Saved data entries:
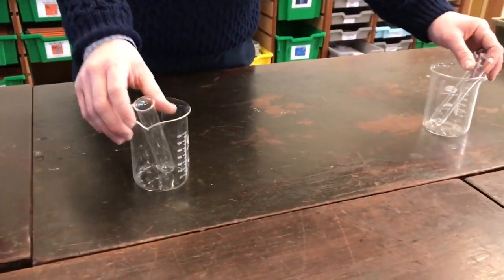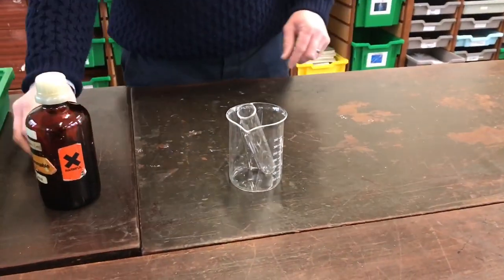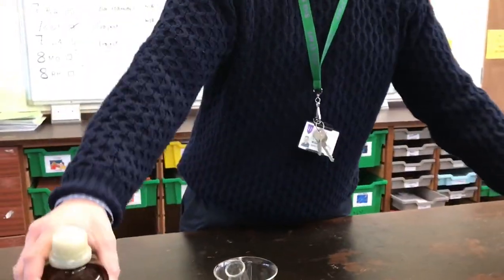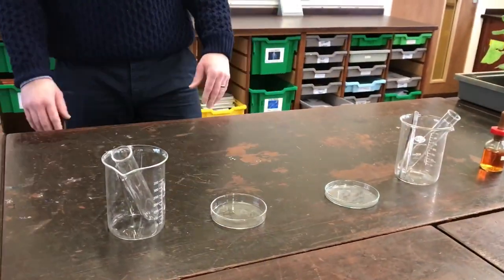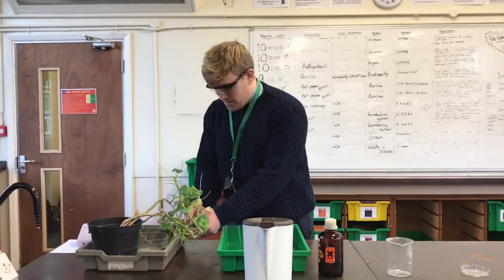You will need two beakers, two boiling tubes, two sets of tweezers. We have our iodine, we have our ethanol, and we have a couple of petri dishes.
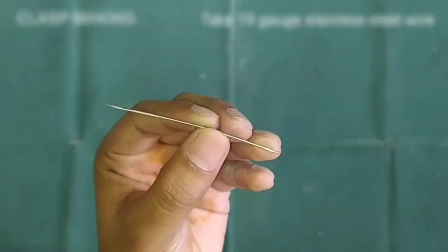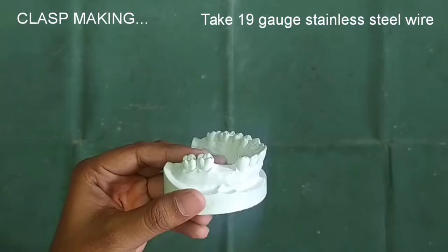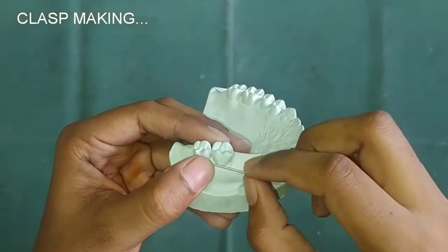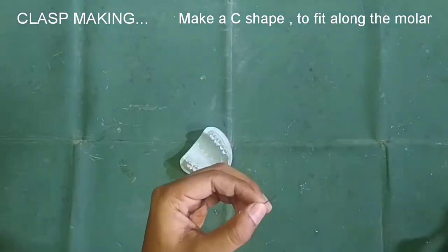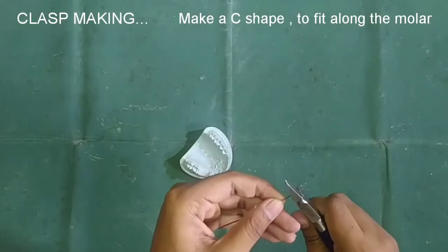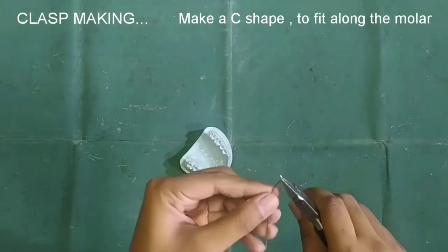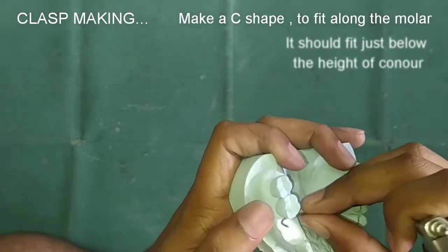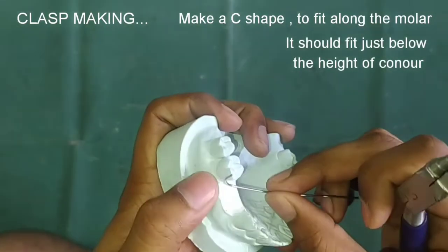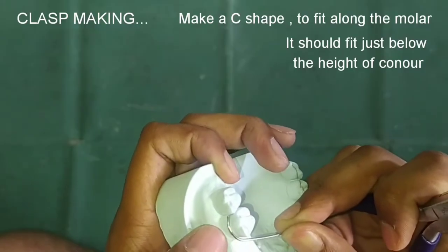After this we will make the clasp. We are going to make the C-clasp here with the 19-gauge stainless steel wire. Take proper measures and make the C-shaped arm. Our C-arm should fit in the buccal portion of the crown almost at the height of contour or just below it.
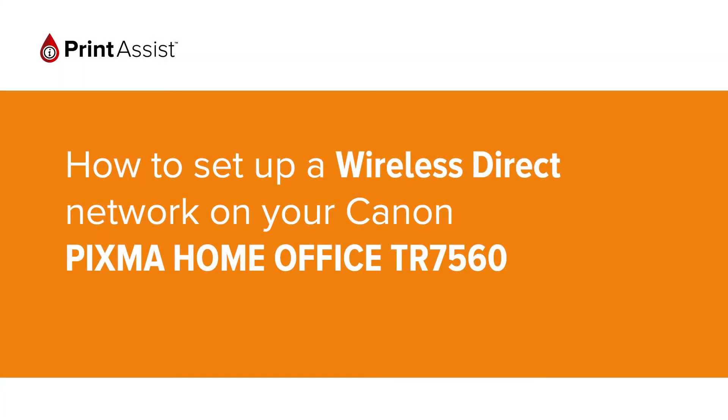In this video we're going to show you how to set the Canon PIXMA Home Office TR7560 to Wireless Direct so that you can directly connect your smartphone, tablet or computer.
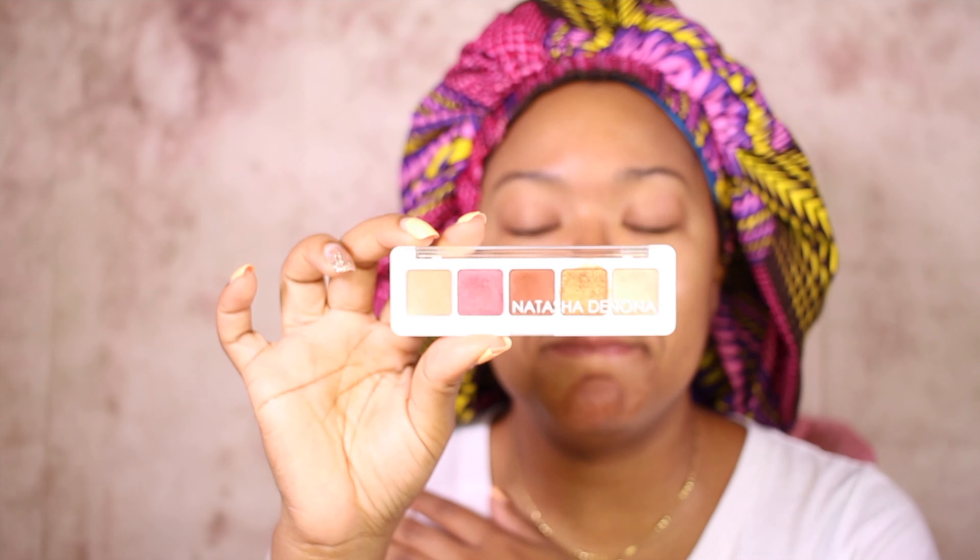Hey everyone, welcome back to my channel. It's your girl Lachelle here and today we are going to go straight into doing this look. It's the holidays and everybody had a sale — today is the Monday after Cyber Monday and I just went a little bit overboard with the makeup shopping. Today I want to do a look using the Natasha Denona Mini Sunset Palette. I did it on a model this weekend and I'm excited to redo it for myself.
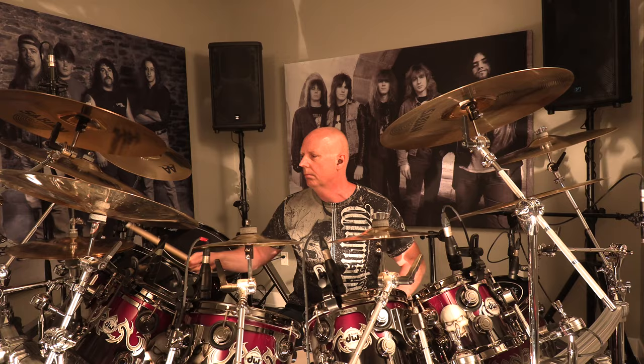I sat behind my drum set for the first time — this big crazy kit — and I'm like, what do I do now? I have no idea what I'm gonna do. So right at that point I said, this drum set is Neil-inspired, it's Rush-inspired.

**What you need to do:** Omit every picture while printing the data word for word.

**Task answer:**
You will need two beakers, two boiling tubes, two sets of tweezers. We have our iodine, we have our ethanol, and we have a couple of petri dishes.
After this we will make the clasp. We are going to make the C-clasp here with the 19-gauge stainless steel wire. Take proper measures and make the C-shaped arm. Our C-arm should fit in the buccal portion of the crown almost at the height of contour or just below it.
In this video we're going to show you how to set the Canon PIXMA Home Office TR7560 to Wireless Direct so that you can directly connect your smartphone, tablet or computer.
Hey everyone, welcome back to my channel. It's your girl Lachelle here and today we are going to go straight into doing this look. It's the holidays and everybody had a sale — today is the Monday after Cyber Monday and I just went a little bit overboard with the makeup shopping. Today I want to do a look using the Natasha Denona Mini Sunset Palette. I did it on a model this weekend and I'm excited to redo it for myself.
I sat behind my drum set for the first time — this big crazy kit — and I'm like, what do I do now? I have no idea what I'm gonna do. So right at that point I said, this drum set is Neil-inspired, it's Rush-inspired.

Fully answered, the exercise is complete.